Delays to Broadcom Deal
While Brocade was busy selling off parts of its business, the deal with Broadcom hit a snag in July. The Federal Trade Commission became concerned that once Broadcom owned Brocade’s fibre channel switches, it would essentially have a monopoly on the market that provides the ASICS for those types of switches. Broadcom supplies Cisco with ASICs for its fibre channel switches. And it would soon own Brocade’s fibre channel switch assets for which it supplies ASICs. The FTC was concerned that Broadcom would use its massive market share to “substantially lessen competition,” or “by increasing the likelihood of coordinated interaction between the two competitors.”
To try and thwart any antitrust activity, the FTC created some requirements and didn’t give its stamp of approval to the deal until August.
But a bigger problem arose in October after a review by the Committee on Foreign Investment in the United States (CFIUS). Reportedly, that CFIUS was concerned about national security related to investments by Chinese companies. Broadcom was domiciled in Singapore and headquartered in San Jose, California.
In the midst of all this, Extreme Networks decided to complete its acquisition of Brocade’s data center switching, routing, and analytics business, without waiting for the Broadcom deal to close.
Broadcom’s Big Move
The drama all culminated in early November with an announcement from the Oval Office of the White House. President Donald Trump and Broadcom CEO Hock Tan said Broadcom would change the nationality of its corporate structure from Singapore to the U.S. This paved the way for Broadcom’s purchase of Brocade to close.

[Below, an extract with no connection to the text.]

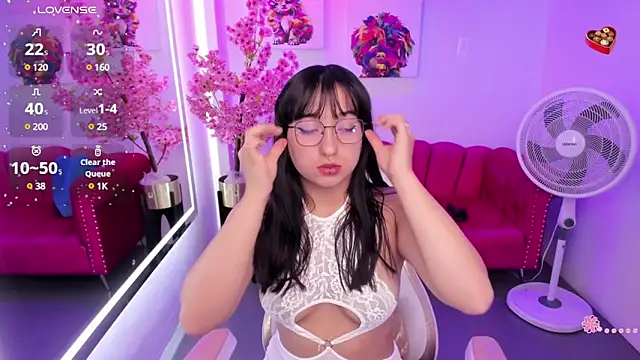 Snapshot of Miss_dolly_ chatting on 7, 2, 2025 Miss dolly  online show from 7, 2, 2025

On Nov. 17, Broadcom finally completed its $5.9 billion acquisition of Brocade after more than a year of waiting for regulatory approval. Brocade now operates as an indirect subsidiary of Broadcom with Jack Rondoni, previously Brocade’s SVP of storage networking, serving as the general manager.
On Dec. 1, long-waiting Arris was able to complete its acquisition of the Ruckus Wireless and ICX Switch business from Broadcom.